Advanced Comput, Math & Data
Staff Awards & Honors
Parasol Takes its Place in the Cloud
Architecture for cross-cloud federated graph queries to be featured at ACM SIGMOD workshop
Dr. Sutanay Choudhury
Working with a team from John Hopkins University-Applied Physics Laboratory, Sutanay Choudhury, a computer scientist with PNNL’s Scientific Data Management group (Computational Sciences & Mathematics Division), will be on hand to present, “Parasol: An Architecture for Cross-Cloud Federated Graph Querying,” at the upcoming DanaC: Workshop on Data analytics in the Cloud on June 22, 2014.

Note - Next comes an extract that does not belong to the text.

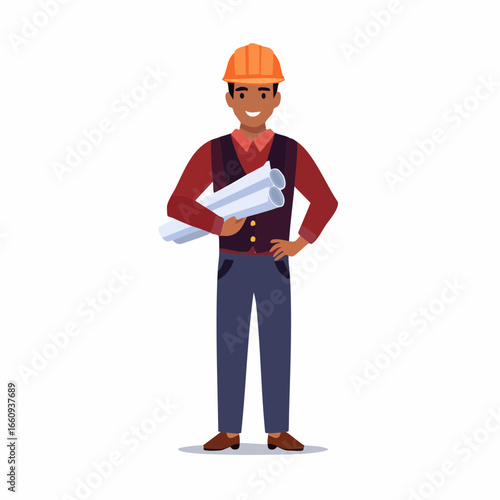 Confident Construction Worker with Blueprints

Parasol, a flexible architecture for performing effective cross-cloud federated graph queries, provides an interesting solution to querying, analyzing, and fusing data at scale present in multiple data sets and spread across numerous data centers. Such integration can be hampered by data residing in physically distant centers within technologically different cloud platforms. Data fusion can even be stymied by regulations and policies surrounding privacy or data sharing.
Parasol’s architecture features a central coordinator process running in a coordinator cloud that manages query execution over multiple client clouds. Its flexibility, which extends to Parasol’s query optimization design, allows it to make minimal assumptions about each participant cloud architecture and capability, affording easier cloud integration.
As part of their presentation, Choudhury and the other co-authors will describe the experiments used to test Parasol, which involved executing queries on clusters and collecting several metrics for each query using two data sets: Linked Movie Database, a semantic database based on Internet Movie Database that contains information related to films, actors, etc., and a semantic graph database extracted from structured information in Wikipedia.
DanaC, which will be held in conjunction with the 2014 Association for Computing Machinery Special Interest Group on Management of Data/Principles of Database Systems symposium (SIGMOD/PODS) in Snowbird, Utah (June 22-27), unites business analysts and scientists as they tackle complexities involving data and analysis in cloud computing environments.